AIM OF THE TASK:
Without including any pictures, reproduce all the lines below word for word.

SUPPLIED DATA:
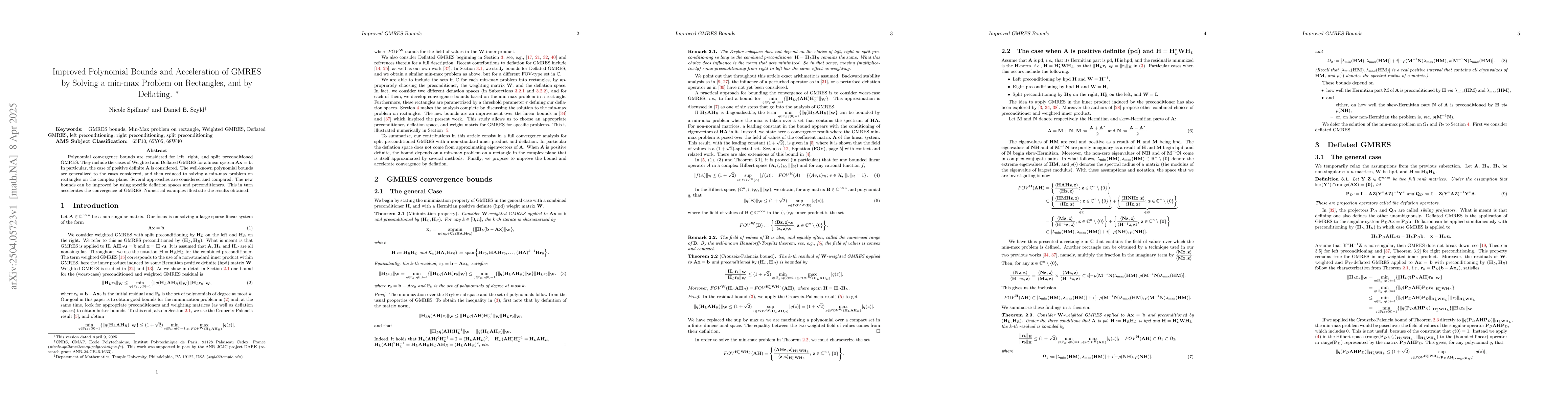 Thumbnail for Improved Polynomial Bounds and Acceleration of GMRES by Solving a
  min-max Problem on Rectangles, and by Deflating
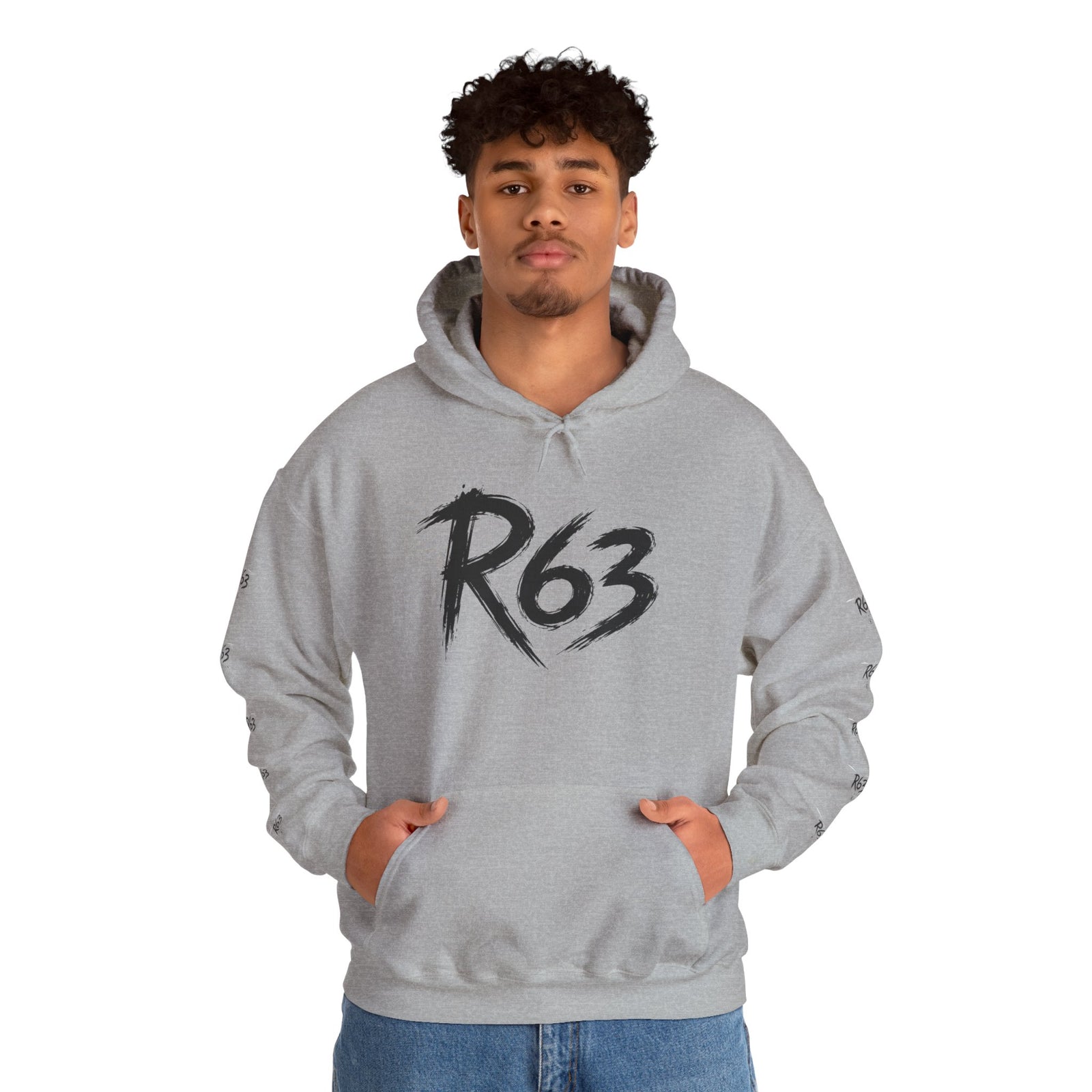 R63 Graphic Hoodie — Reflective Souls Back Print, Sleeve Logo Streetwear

TASK ANSWER:
 Thumbnail for Improved Polynomial Bounds and Acceleration of GMRES by Solving a
  min-max Problem on Rectangles, and by Deflating
 R63 Graphic Hoodie — Reflective Souls Back Print, Sleeve Logo Streetwear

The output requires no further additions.